Task requirements: Print exactly the lines below between the line containing "iPhone16e 128GB ホワイト　SIMフリー" and the line containing "Nh Potsdamer Platz Hotel 4*", counting both of those lines. Leave pictures out.

[Opening Material for this task section]

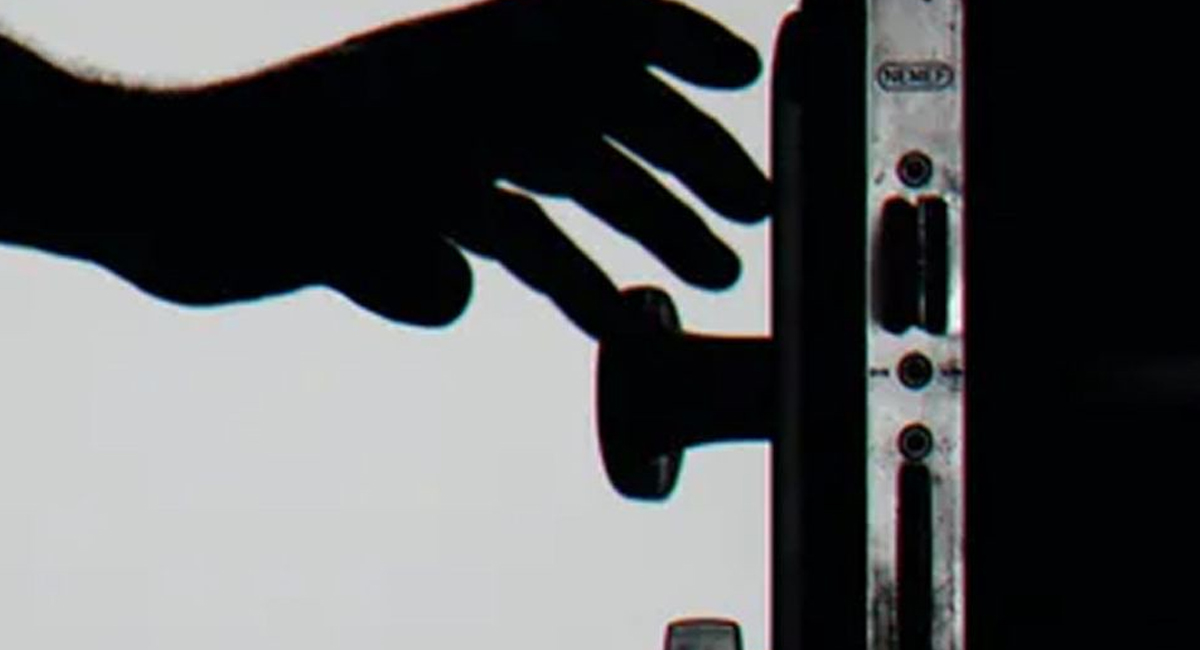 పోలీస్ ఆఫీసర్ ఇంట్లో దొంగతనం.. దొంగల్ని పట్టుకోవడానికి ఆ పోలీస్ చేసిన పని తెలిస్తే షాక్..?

[Closing Material for this task section]
[Opening Material for this task section]

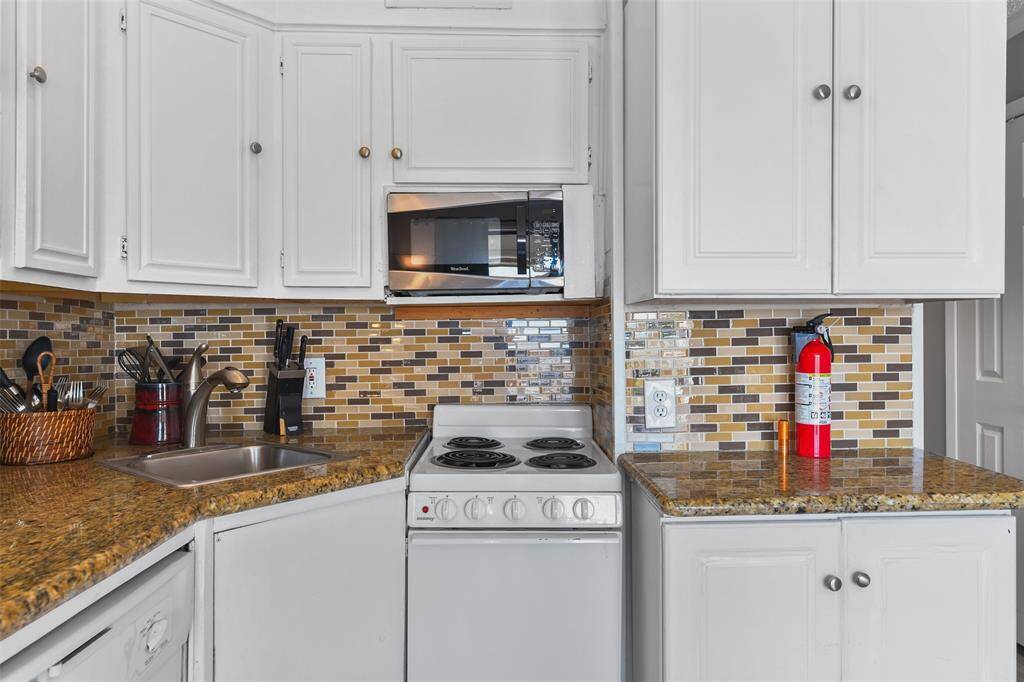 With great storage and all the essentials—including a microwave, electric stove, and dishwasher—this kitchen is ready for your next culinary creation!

[Closing Material for this task section]
[Opening Material for this task section]

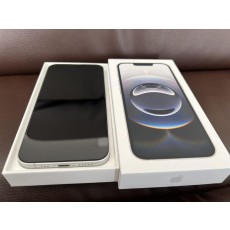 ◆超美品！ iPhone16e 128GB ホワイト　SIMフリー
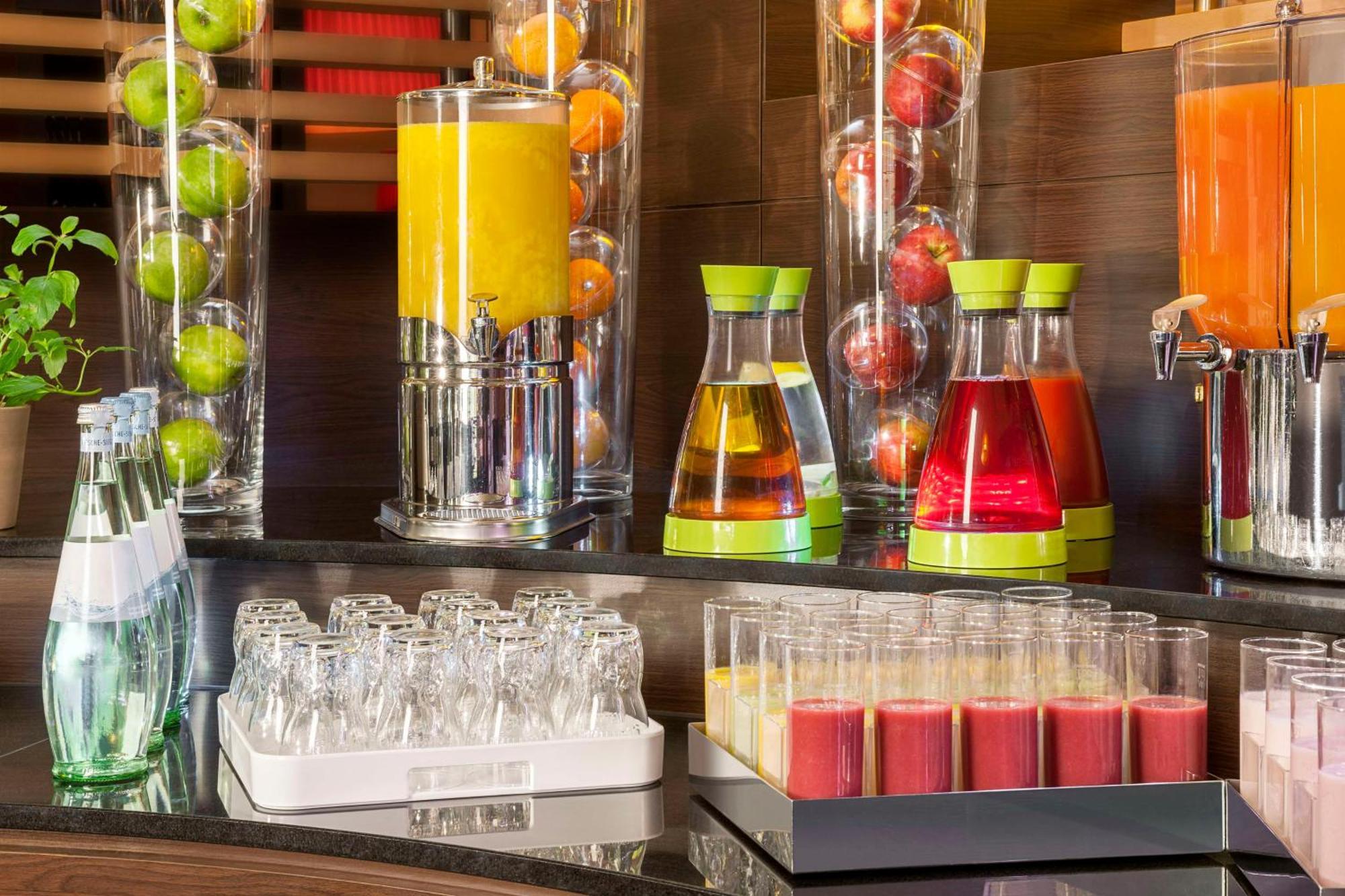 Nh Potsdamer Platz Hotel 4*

[Closing Material for this task section]

Result:
 ◆超美品！ iPhone16e 128GB ホワイト　SIMフリー
 Nh Potsdamer Platz Hotel 4*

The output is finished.